Dimensions: 8.5"h x 11"w x 11"d


   This piece is loosely based on the ancient nine-day Dine (Navajo) healing ceremony undertaken to relieve and sustain those stricken with disease, sorrow or loss. In a larger sense, this is meant to reharmonize and reorder the natural world. The songs that comprise this ceremony number many hundreds and are very potent and beautiful.

I have not intended to trespass in any way on beliefs or the beauty of ceremony - only to honor tradition and human awe in the wonder of the universe, and the intrinsic power of words.

                                                                   Dimensions: 30"h x 17"w x 10"d

Happily, on a trail of pollen,

may I walk.

As it was long ago, may I walk.

May it be beautiful before me.

May it be beautiful behind me.

May it be beautiful below me.

May it be beautiful above me.

May it be beautiful all around me.

In Beauty may I walk,

In Beauty if is finished.


Because ravens are so intelligent, it is

easy to see why humans delight in observing them.

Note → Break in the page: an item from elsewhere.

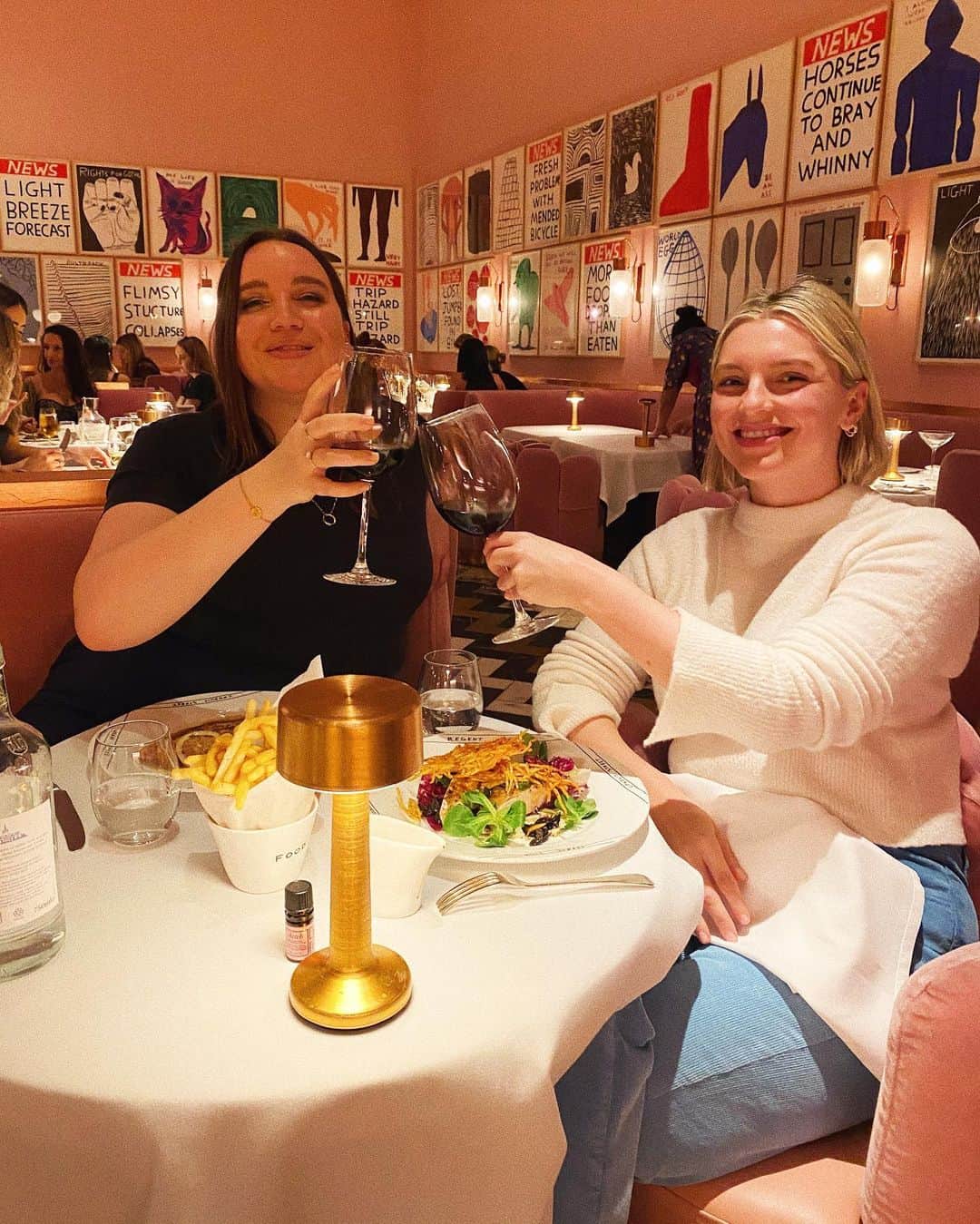 Estée Lalondeのインスタグラム：「Cheers to this friendship 🥂 @rebecca.munroe」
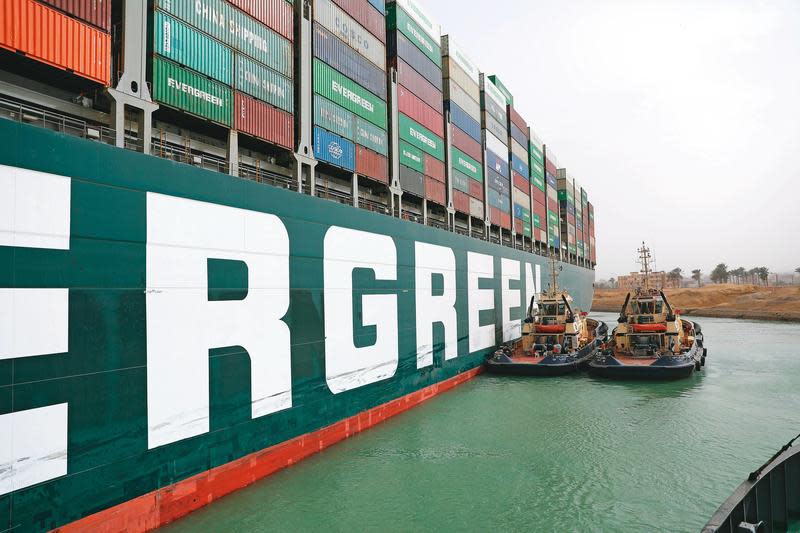 長榮貨櫃船在蘇伊士運河的意外事件，恐讓貨櫃與石油價格漲價問題變得嚴重。（翻攝SCA官網）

In shamanic lore, Raven, as a totem bird, enables second sight, shape-shifting and healing. 

Ravens are thought to have magical abilities an many cultures throughout the world. They have been called birds of prophesy, messengers to the gods and in the Pacific Northwest, Raven is the creator and bringer of light. Some native tribes refer to ravens as the "keepers of secrets". They are linked to the void, where universal secrets are kept.

Dimensions: 19"h x 11"w x 8"d


   The Native American tribes of the Great Plains believed that invisible presences exist which could be contacted to bring harmony into their lives. Through vision quests, they sought to bring the supernatural and natural worlds into close contact. During a vision quest, the individual experienced a higher level of consciousness and might be visited by an animal spirit who then became his spirit guide throughout life.

   Among the Lakota Sioux, the raven was a potent spirit guide - mummified birds were wrapped in ceremonial red flannel strips and placed with other meaningful symbols in a personal medicine bag.